Toderi uses computer-aided digital manipulation of video footage and pictures to compose her final creations with, as Gordon says, “painterly finesse.” The projection screens for the second piece, Rossa Bebele are placed next to each other, like opposite pages of an open book. Both screens appear to be half-full of what looks like a sea of magma (one filled from the top, one filled from below), and from each sea, a pyramid of light gradually builds and subsides. Appropriately, a slightly harsher audio component accompanies this piece, with a combination of what sounds like swirling thunderstorm effects and caldera atmospherics filling the chamber.
“Directions: Grazia Toderi” will be at the Hirshhorn through September 5, and ATM’s Jeff Campagna spoke to Toderi last week about her work.
Why did you choose to use this medium for your art?
I chose to use video because it was the medium that has more possibility to communicate everywhere in the world, especially here. It’s a kind of Utopian idea, to just be energy that can be transmitted everywhere. I looked at the moon landing when I was young, and for me it was a very important moment, because every person in the world could see the same important thing. So it has this kind of power… So I’m interested in this kind of relation between personal memory and collective memory.

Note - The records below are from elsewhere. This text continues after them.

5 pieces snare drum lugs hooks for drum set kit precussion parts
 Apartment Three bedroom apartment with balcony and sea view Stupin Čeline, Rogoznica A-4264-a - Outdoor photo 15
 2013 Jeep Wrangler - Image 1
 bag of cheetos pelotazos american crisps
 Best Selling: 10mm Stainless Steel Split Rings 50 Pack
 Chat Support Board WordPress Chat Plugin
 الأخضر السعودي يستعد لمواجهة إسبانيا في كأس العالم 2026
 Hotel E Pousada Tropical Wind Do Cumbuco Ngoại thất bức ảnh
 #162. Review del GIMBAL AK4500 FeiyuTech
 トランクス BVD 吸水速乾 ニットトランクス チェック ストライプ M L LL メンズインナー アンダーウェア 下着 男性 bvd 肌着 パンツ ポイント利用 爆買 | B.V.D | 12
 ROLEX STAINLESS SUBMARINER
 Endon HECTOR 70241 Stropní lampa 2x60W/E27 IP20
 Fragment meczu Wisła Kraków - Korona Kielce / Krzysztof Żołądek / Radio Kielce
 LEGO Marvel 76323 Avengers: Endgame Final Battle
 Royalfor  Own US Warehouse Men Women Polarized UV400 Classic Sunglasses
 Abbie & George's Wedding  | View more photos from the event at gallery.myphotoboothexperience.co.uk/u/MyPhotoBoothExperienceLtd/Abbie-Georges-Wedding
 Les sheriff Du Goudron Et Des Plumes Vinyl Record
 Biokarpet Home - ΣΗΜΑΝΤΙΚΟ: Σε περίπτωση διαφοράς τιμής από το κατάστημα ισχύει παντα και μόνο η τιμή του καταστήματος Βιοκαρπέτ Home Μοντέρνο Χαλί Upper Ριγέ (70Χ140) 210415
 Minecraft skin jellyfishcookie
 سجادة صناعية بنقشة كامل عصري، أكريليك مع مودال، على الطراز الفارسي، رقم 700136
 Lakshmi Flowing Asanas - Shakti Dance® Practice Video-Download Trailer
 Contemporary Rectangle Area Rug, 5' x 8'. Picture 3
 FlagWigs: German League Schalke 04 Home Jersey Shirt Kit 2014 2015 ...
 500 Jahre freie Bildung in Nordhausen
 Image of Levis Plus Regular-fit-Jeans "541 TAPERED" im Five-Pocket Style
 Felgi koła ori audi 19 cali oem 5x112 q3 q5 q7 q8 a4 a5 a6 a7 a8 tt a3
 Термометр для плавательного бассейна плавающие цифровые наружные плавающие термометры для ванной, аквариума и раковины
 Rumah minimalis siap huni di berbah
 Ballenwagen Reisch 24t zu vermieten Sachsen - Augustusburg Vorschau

Orbite Rosse and Rosso Babele seem to be more abstract than your previous works–is there a reason for that?
I think one of the reasons is that something has changed. With some of my previous videos, I was interested in taking something from television and adding this kind of relation with collective memory. Now I think it is different, and I don’t believe in the power of television anymore [laughs]. This is my problem. And I come from a country [Italy] where television was really terrible during the last year. I started to use video in a different kind of way. Because I’m more interested in creating something completely by myself in this moment, I’m not interested in taking something from television. I want to be alone on the other side.
Is there a certain feeling that you’re attempting to convey to the viewer?
I like to leave the viewer completely free. The most important thing to art is that everyone can be free.
How long does it take you to complete an average piece?
Months. Sometimes I start to draw about one idea, and it takes months to focalize, drawing and drawing. And after, when I finish this kind of first step, I’m ready to go around and take photographs of things that I need… It could be one or two months again. It also depends where I need to go. And I start to elaborate and work on all the images and put them in an archive. So I have thousands of images that I put together, and after I start to do the animation in the computer. I do it step-by-step. It is very long.